Dataset entries
=====

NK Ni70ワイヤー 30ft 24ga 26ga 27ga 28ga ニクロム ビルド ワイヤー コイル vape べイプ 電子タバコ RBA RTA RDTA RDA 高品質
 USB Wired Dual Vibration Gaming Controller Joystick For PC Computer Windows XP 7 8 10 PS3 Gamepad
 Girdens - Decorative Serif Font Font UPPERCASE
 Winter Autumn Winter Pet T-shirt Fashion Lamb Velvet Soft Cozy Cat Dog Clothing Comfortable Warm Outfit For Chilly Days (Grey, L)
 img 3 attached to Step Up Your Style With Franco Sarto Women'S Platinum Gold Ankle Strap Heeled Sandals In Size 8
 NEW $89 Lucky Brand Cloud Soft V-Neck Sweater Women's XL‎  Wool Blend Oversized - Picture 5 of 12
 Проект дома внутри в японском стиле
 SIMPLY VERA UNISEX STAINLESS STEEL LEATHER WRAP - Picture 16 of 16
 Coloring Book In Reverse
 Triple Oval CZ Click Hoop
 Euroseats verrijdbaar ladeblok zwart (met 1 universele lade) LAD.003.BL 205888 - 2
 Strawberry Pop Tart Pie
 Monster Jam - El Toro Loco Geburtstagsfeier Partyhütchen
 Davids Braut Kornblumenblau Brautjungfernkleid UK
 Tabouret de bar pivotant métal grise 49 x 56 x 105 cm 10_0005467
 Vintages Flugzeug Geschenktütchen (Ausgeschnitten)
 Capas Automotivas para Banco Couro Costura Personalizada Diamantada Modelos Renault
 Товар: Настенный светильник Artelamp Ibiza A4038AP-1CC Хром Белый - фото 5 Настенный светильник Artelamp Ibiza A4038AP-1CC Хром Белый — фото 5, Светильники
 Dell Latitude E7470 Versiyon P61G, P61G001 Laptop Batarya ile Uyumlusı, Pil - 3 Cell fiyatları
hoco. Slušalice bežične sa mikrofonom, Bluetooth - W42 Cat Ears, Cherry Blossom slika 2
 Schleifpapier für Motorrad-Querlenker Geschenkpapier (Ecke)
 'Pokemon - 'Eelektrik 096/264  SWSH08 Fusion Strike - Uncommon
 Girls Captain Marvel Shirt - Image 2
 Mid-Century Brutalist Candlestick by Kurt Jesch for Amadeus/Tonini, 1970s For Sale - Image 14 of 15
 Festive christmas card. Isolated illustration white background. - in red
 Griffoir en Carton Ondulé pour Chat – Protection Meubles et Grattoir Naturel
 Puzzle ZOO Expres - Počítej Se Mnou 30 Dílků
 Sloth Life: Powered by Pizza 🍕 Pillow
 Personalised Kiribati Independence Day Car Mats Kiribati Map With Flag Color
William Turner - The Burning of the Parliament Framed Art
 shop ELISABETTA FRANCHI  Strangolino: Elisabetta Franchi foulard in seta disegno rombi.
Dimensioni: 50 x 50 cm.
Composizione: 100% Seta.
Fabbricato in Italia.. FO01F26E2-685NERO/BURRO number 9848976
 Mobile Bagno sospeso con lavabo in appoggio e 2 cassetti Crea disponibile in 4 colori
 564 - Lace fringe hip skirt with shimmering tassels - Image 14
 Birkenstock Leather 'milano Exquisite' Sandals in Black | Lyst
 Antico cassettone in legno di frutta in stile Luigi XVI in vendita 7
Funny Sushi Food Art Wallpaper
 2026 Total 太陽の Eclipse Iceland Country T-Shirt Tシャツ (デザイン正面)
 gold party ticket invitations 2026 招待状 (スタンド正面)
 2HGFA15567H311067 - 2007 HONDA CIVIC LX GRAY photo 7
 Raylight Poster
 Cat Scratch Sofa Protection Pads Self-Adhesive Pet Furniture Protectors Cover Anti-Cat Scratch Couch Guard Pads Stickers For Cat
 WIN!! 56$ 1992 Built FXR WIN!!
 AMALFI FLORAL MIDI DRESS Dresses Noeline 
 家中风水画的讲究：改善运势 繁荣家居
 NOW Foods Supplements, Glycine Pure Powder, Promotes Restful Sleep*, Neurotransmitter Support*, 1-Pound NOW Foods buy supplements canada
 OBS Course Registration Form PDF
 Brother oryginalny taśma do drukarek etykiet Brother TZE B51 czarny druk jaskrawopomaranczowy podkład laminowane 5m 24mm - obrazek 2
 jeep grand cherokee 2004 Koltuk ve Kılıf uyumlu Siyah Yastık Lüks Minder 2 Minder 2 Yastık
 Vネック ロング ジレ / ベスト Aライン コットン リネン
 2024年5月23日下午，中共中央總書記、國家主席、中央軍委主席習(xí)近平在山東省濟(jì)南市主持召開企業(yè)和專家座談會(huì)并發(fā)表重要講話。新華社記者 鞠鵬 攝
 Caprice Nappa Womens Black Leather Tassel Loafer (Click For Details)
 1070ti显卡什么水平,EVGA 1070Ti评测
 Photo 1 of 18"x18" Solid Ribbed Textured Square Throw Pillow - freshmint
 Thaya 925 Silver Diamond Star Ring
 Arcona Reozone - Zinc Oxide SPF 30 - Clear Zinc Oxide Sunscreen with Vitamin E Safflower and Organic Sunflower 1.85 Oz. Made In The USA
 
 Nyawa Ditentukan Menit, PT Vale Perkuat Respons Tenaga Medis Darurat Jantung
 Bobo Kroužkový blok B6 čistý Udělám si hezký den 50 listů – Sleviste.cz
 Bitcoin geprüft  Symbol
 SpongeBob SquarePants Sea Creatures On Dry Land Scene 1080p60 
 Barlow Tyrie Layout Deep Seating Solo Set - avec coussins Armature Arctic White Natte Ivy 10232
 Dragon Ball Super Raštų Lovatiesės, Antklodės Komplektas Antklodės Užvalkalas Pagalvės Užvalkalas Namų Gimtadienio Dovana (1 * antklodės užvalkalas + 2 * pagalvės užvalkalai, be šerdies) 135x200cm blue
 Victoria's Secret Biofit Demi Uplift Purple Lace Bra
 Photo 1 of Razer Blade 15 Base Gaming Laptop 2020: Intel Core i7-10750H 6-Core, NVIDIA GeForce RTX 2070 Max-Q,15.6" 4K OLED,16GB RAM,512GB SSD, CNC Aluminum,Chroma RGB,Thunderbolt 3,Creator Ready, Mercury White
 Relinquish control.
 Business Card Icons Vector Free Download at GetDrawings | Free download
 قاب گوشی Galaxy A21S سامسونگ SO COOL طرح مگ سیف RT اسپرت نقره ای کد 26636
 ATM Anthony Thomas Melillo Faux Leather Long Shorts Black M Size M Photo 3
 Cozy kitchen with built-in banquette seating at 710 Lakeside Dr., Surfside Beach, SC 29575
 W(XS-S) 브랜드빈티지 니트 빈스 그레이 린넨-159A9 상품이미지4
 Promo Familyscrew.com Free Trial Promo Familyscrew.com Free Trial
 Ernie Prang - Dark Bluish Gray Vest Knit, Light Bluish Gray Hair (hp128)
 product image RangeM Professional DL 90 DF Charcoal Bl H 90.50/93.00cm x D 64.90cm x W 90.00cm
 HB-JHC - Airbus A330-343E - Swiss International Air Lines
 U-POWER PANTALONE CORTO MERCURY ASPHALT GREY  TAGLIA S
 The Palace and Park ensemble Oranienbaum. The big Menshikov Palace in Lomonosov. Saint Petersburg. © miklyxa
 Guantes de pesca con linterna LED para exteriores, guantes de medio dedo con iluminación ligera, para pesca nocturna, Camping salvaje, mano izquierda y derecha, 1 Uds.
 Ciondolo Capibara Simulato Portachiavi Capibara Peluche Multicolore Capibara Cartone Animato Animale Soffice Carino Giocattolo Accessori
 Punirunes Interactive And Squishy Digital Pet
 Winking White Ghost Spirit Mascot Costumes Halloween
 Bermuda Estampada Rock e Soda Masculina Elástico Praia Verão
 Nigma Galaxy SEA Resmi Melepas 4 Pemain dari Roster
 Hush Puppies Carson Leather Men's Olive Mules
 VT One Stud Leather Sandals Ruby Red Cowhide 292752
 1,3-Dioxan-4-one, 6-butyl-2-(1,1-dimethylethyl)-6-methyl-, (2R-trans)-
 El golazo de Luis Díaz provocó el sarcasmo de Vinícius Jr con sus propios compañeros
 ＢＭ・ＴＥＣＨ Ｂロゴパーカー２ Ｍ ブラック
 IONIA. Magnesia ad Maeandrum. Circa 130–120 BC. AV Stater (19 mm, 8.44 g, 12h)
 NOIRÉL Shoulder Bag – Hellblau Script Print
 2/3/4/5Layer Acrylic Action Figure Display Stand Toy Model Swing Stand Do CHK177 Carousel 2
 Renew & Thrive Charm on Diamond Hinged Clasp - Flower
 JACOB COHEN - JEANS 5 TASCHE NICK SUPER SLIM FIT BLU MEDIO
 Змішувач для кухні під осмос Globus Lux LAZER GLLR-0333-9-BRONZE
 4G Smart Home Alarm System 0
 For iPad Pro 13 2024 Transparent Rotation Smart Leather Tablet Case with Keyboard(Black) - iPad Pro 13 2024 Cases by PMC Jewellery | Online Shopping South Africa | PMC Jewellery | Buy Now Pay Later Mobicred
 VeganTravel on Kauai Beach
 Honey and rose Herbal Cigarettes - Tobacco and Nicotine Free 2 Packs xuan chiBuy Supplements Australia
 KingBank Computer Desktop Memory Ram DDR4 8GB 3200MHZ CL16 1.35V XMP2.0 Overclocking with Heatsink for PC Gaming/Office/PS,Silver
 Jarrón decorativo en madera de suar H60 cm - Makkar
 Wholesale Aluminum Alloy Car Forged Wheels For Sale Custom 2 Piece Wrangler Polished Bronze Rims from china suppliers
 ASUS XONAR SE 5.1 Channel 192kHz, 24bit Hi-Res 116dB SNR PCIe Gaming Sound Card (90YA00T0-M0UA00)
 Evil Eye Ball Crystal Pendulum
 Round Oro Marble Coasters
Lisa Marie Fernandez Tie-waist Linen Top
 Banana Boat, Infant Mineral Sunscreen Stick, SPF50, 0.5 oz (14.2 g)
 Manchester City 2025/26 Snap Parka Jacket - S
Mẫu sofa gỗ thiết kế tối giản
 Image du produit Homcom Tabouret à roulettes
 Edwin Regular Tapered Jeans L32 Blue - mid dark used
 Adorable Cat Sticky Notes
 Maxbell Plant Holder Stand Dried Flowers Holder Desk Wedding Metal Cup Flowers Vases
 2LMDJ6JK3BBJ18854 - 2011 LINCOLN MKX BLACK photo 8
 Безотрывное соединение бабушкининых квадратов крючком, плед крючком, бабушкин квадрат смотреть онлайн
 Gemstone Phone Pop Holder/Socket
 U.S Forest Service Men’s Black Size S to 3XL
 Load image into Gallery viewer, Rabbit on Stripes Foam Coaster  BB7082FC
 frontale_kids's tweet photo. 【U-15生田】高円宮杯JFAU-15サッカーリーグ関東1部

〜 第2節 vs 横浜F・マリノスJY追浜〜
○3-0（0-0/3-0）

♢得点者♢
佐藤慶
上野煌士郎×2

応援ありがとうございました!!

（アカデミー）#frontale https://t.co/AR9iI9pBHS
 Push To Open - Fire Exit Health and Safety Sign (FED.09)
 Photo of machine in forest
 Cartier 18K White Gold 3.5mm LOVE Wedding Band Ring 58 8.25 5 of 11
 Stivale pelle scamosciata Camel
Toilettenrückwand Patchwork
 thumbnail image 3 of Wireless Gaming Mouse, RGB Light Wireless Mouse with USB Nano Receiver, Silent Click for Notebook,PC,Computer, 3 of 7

=====

• To do:
Could you quote, exactly as they appear, the line containing "Cartier 18K White" and every line after it to the end of the records above?

• Problem solution:
 Cartier 18K White Gold 3.5mm LOVE Wedding Band Ring 58 8.25 5 of 11
 Stivale pelle scamosciata Camel
Toilettenrückwand Patchwork
 thumbnail image 3 of Wireless Gaming Mouse, RGB Light Wireless Mouse with USB Nano Receiver, Silent Click for Notebook,PC,Computer, 3 of 7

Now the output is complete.